▸ **About this exercise**
Output only the lines that run from the line holding "Painted Wooden Hummingbird" to the end of the data below, including both ends, without any pictures.

▸ **Data below**
Content starts

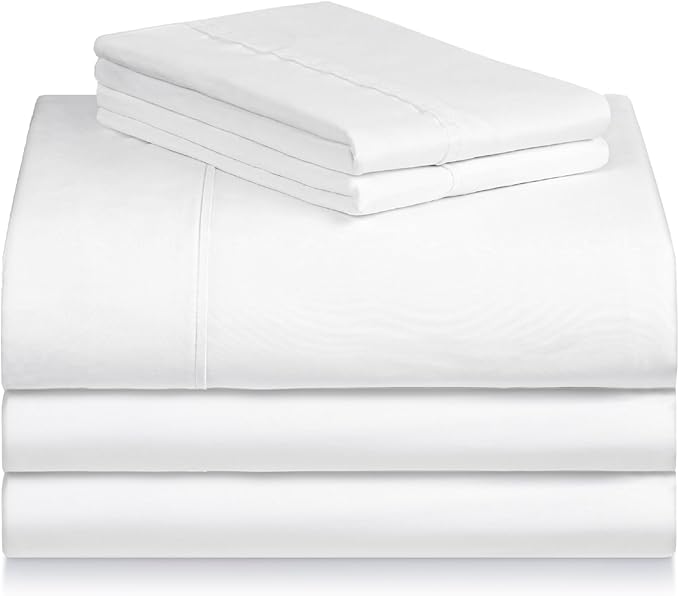 LuxClub 7 PC Split King Sheet Set Bed Sheets Deep Pockets 18" Eco Friendly Wrinkle Free Cooling Sheets Machine Washable Hotel Bedding Silky Soft - White Split King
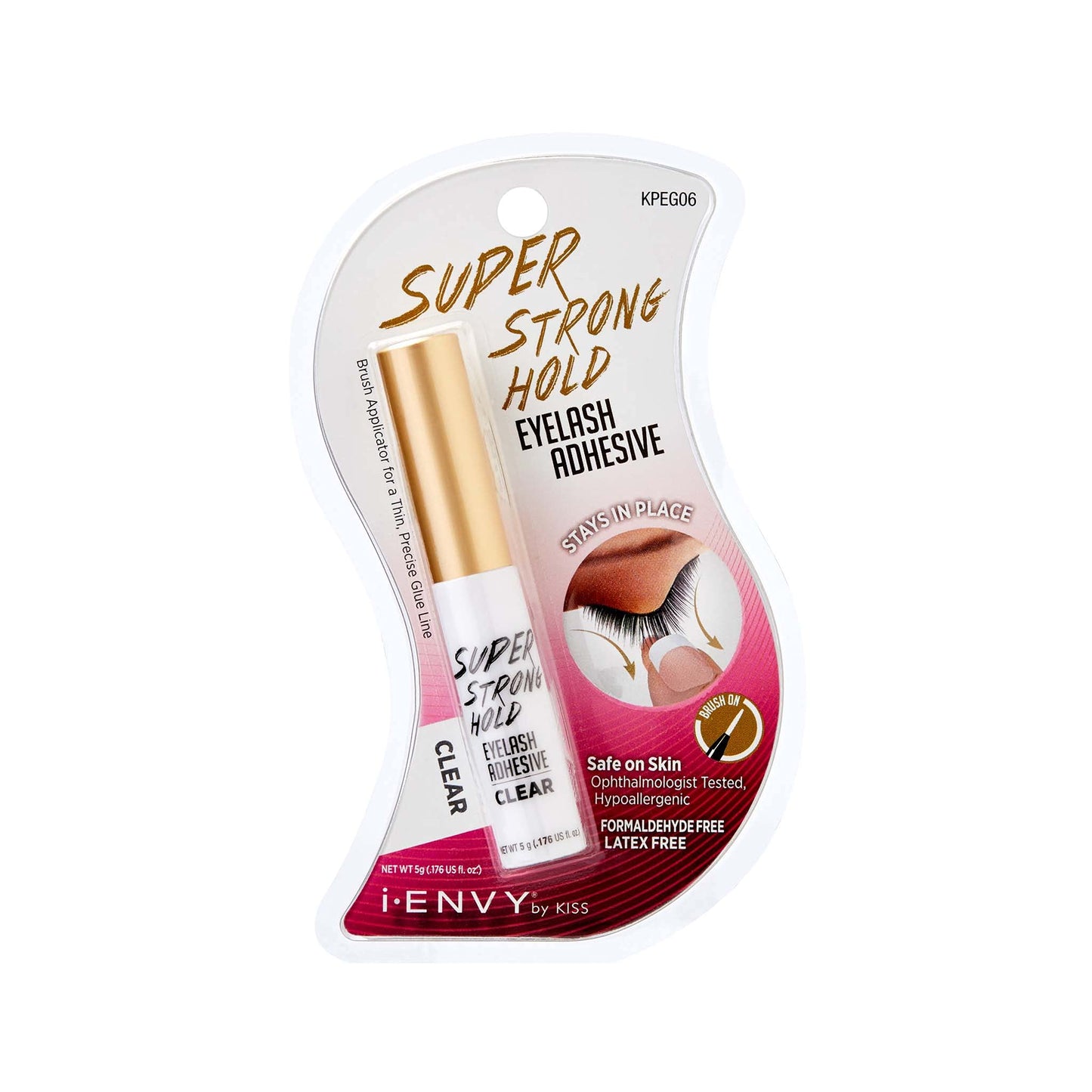i-Envy by KISS Super Strong Hold Eyelash Adhesive, Waterproof Long-Lasting Strip Lash Glue, Natural-Looking Allergy & Latex Free with Brush Applicator Beauty & Personal Care i•ENVY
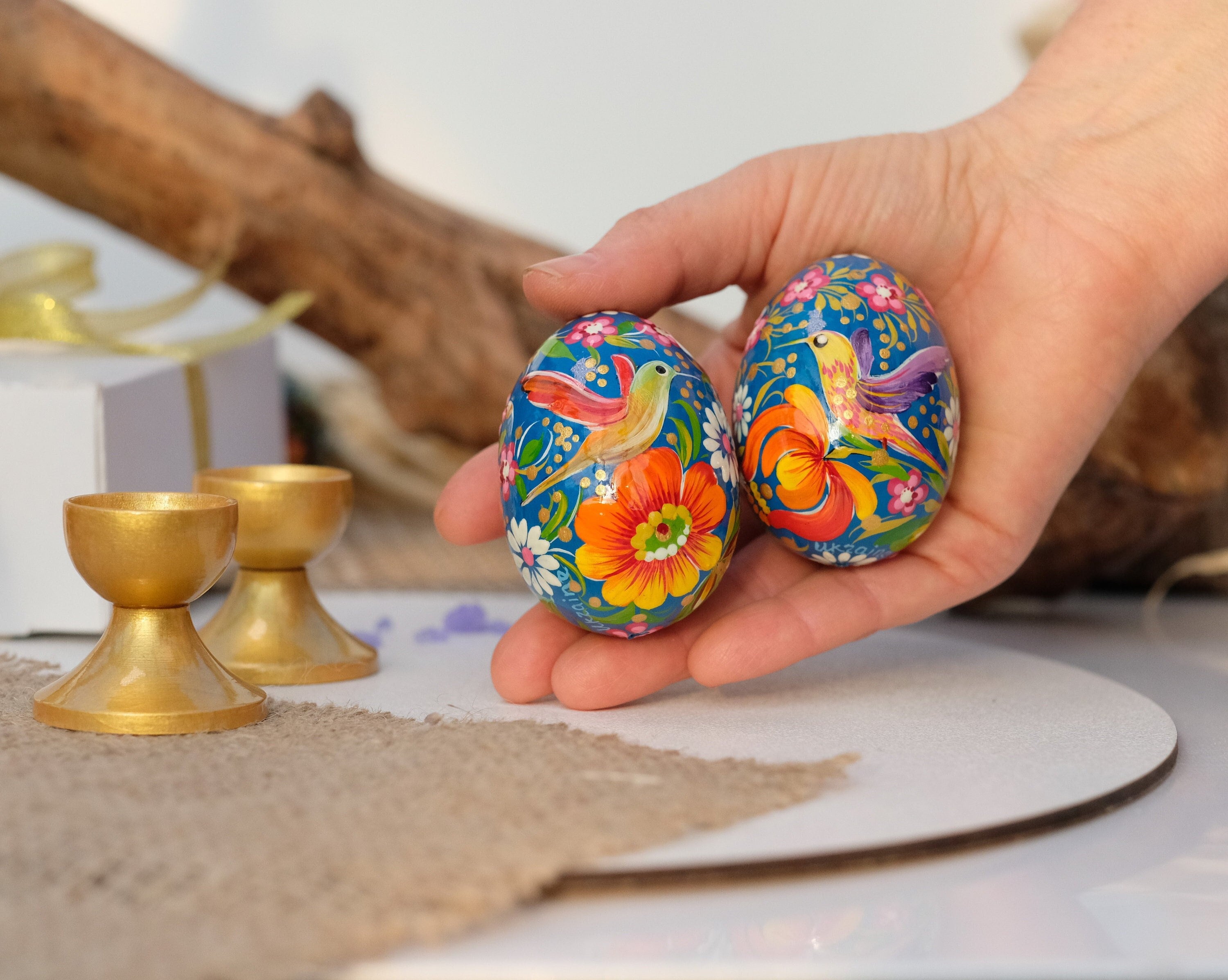 Painted Wooden Hummingbird Easter Egg with Petrykivka Art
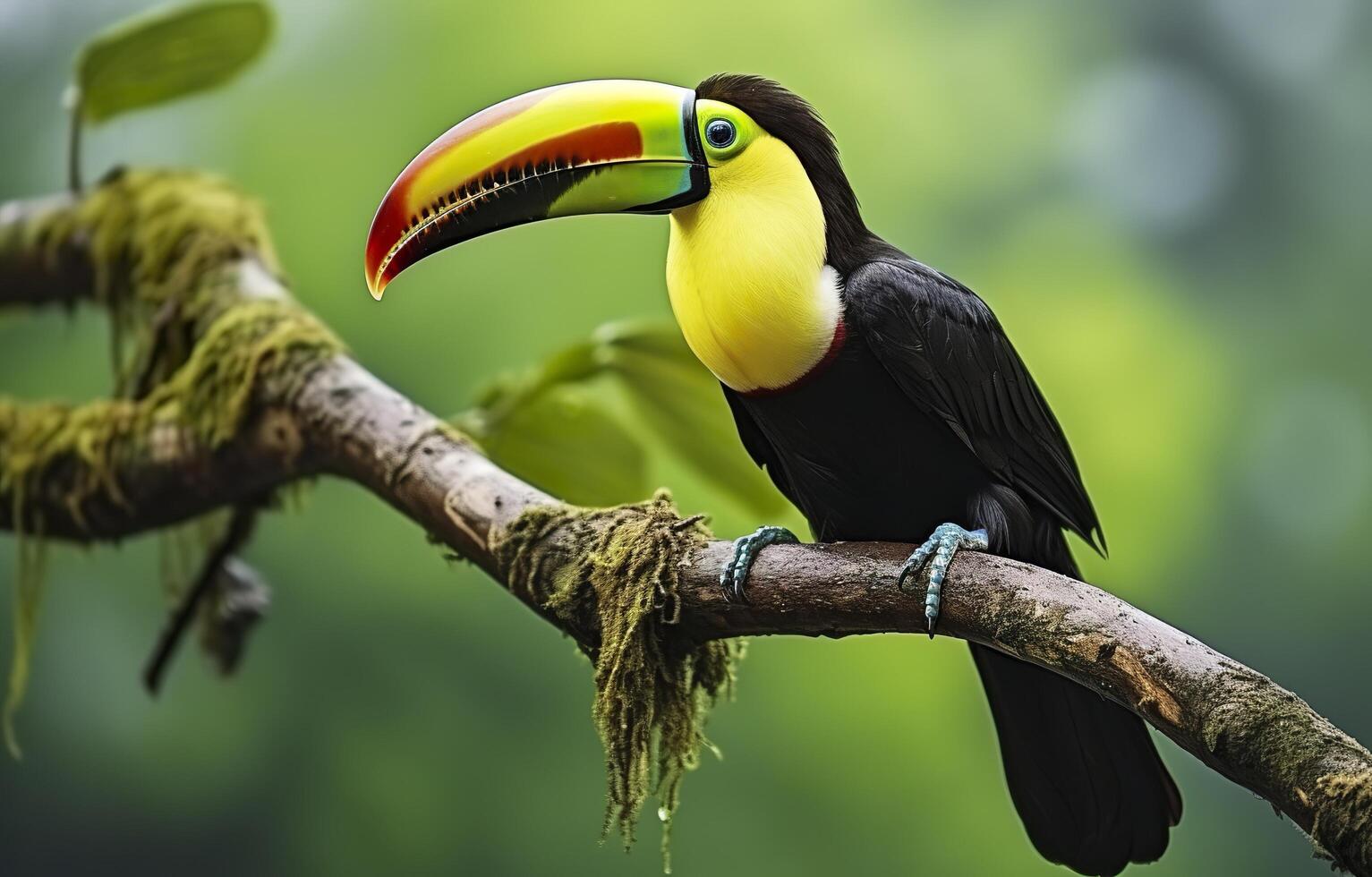Chesnut mandibled Toucan sitting on the branch in tropical rain with a green jungle. Generative AI photo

Content ends

▸ **Solution to the exercise**
 Painted Wooden Hummingbird Easter Egg with Petrykivka Art
Chesnut mandibled Toucan sitting on the branch in tropical rain with a green jungle. Generative AI photo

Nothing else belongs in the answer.